→ WHAT IS REQUIRED
Below are lines of data, and only some are wanted. Please repeat exactly those from the line that has "415 Washington Street - Photo 6" through the line that has "TP-Link Deco BE25".

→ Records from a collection
_ _ _ _

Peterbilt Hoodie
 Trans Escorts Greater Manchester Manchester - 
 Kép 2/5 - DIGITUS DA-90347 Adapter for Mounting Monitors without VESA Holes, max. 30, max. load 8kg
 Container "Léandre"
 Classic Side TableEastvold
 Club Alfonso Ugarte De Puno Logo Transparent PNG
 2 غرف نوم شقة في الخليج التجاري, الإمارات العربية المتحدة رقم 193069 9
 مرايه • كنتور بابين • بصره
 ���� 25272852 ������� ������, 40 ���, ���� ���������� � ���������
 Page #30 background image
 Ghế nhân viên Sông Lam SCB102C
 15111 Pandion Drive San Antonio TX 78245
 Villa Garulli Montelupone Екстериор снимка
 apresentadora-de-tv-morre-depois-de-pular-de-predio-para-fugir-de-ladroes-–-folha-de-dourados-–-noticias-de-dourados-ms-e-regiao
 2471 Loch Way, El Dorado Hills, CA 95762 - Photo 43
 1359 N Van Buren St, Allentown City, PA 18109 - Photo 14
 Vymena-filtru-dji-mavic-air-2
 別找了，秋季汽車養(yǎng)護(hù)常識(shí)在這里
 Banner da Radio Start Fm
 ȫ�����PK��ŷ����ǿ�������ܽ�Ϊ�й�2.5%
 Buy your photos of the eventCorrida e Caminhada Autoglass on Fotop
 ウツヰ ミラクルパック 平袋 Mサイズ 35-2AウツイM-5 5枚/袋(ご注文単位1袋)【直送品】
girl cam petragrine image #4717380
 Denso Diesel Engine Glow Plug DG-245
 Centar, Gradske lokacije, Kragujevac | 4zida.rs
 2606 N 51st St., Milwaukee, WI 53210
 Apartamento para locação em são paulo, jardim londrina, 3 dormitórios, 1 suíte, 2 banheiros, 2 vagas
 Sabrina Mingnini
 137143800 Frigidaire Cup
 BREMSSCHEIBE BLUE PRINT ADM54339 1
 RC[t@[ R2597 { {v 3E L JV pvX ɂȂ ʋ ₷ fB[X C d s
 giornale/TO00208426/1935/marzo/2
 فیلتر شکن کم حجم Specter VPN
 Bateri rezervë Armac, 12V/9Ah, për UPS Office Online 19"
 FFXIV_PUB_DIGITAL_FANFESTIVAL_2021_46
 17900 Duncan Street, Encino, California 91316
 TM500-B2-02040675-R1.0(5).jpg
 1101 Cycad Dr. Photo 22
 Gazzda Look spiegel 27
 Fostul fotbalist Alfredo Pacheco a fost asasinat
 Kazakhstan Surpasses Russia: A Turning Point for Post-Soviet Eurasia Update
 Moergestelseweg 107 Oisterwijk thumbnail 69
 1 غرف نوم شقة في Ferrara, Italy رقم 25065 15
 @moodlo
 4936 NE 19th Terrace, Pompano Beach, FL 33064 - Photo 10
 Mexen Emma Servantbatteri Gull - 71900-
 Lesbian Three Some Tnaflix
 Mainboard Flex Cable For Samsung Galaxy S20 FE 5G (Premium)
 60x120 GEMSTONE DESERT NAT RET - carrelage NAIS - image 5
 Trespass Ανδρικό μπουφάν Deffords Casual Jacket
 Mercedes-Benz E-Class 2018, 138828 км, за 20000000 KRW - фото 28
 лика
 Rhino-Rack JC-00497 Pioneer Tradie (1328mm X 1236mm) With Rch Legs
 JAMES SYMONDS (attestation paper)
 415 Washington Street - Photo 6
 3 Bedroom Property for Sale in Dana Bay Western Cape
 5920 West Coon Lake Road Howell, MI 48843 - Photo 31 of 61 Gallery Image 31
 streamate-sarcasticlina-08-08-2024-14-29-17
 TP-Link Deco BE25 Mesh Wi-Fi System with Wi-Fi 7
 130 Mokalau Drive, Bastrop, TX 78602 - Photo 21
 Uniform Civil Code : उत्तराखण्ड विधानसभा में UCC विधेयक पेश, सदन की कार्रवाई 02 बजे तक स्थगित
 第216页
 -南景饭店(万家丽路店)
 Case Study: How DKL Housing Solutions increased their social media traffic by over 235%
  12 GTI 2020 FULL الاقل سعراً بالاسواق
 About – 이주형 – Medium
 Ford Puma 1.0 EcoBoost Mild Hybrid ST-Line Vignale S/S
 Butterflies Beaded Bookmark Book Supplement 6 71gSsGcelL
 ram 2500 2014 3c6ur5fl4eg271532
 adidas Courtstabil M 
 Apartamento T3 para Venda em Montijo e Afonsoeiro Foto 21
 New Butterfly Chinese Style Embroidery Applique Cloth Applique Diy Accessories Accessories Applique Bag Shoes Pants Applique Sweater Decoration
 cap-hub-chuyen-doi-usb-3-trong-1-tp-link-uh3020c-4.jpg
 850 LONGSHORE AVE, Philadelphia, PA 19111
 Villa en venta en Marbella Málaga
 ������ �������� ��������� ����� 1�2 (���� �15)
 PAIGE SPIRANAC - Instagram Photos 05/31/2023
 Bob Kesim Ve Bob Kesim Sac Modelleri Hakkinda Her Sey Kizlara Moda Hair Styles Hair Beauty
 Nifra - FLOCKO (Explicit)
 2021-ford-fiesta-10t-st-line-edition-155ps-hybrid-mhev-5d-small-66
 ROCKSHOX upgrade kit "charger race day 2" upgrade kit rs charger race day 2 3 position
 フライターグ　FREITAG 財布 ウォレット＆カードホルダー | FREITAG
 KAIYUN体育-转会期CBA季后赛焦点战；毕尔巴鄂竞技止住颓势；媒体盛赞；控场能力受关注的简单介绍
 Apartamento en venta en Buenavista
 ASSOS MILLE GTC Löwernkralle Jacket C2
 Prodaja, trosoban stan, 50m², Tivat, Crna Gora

_ _ _ _

→ OUTPUT FOR THIS TASK
 415 Washington Street - Photo 6
 3 Bedroom Property for Sale in Dana Bay Western Cape
 5920 West Coon Lake Road Howell, MI 48843 - Photo 31 of 61 Gallery Image 31
 streamate-sarcasticlina-08-08-2024-14-29-17
 TP-Link Deco BE25 Mesh Wi-Fi System with Wi-Fi 7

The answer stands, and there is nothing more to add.